1. CLAIMS Having described the invention as above, the content of the following claims is claimed as property: 1. A protein complex consisting of at least one hemagglutinin of at least one of the types A, B, C, D, E, F or G of Clostridium botulinum and a polypeptide He conjugate, characterized in that the polypeptide He conjugate consists of a selected polypeptide linked to the heavy chain or its N terminal fragment of botulinum toxin.
2. 2. The protein complex according to claim 1, characterized in that the haemagglutinins are a mixture of hemagglutinins of at least one of the types A, B, C, D, E, F or G of Clostridium um botulinum.
3. 3. The protein complex according to any of the preceding claims, characterized in that the protein complex also contains a non-toxic, non-haemagglutination protein.

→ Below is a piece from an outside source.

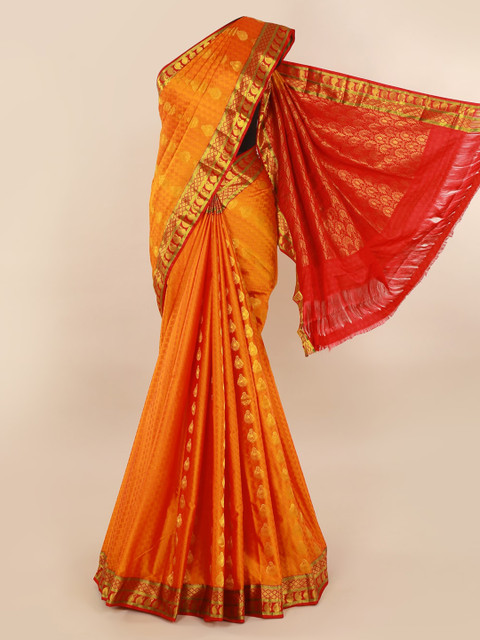 

Pothys Orange Pure Silk Woven Design Kanjeevaram Saree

4. 4. The protein complex according to any of the preceding claims, characterized in that the heavy chain is isolated from one of the botulinum toxin complexes of types A, B ,. C, D, E, F or G. The protein complex according to any of the preceding claims, characterized in that the heavy chain is produced recombinantly in an appropriate expression system. 6. The protein complex according to any of the preceding claims, characterized in that the polypeptide is a hormone, a cytosine, a growth factor, an antigen, an antibody, an inhibitor, a receptor agonist or antagonist or a coagulation factor . The protein complex according to any of the preceding claims, characterized in that the selected polypeptide and the heavy chain or its N-terminal fragment are produced recombinantly as a fusion protein. The protein complex according to any of claims 1 to 6, characterized in that the selected polypeptide and the heavy chain or its N-terminal fragment are linked by a chemical bond. 9. The protein complex according to claim 8, characterized in that the chemical bond is a disulfide bond. 10. The protein complex according to claim 8, characterized in that the chemical bond is a peptide bond. 11. Method for the production of a protein complex according to any of the preceding claims, characterized in that it comprises the steps of: a) isolating a botulinum complex of Clostridium um botulinum at a pH value in the range of 2.0 to 6.5; b) adjusting the botulinum complex isolated from step (a) to a pH value in the range of 7.0 to 10.0; c) remove botulinum toxin from complex proteins by means of chromatographic methods; d) mixing the complex proteins obtained in step c) with a polypeptide He conjugate; or e) separating the complex proteins obtained in step c) and mixing at least one complex protein with a polypeptide He conjugate; f) dialyzing the mixture of step d) or e) against a buffer at a pH value in the range of 6.5 to 2.0. 12. Use of the protein complex according to any of claims 1 to 10 as a transport vehicle for the pharmacologically active, immunologically active polypeptides or for the polypeptides used for diagnostic purposes.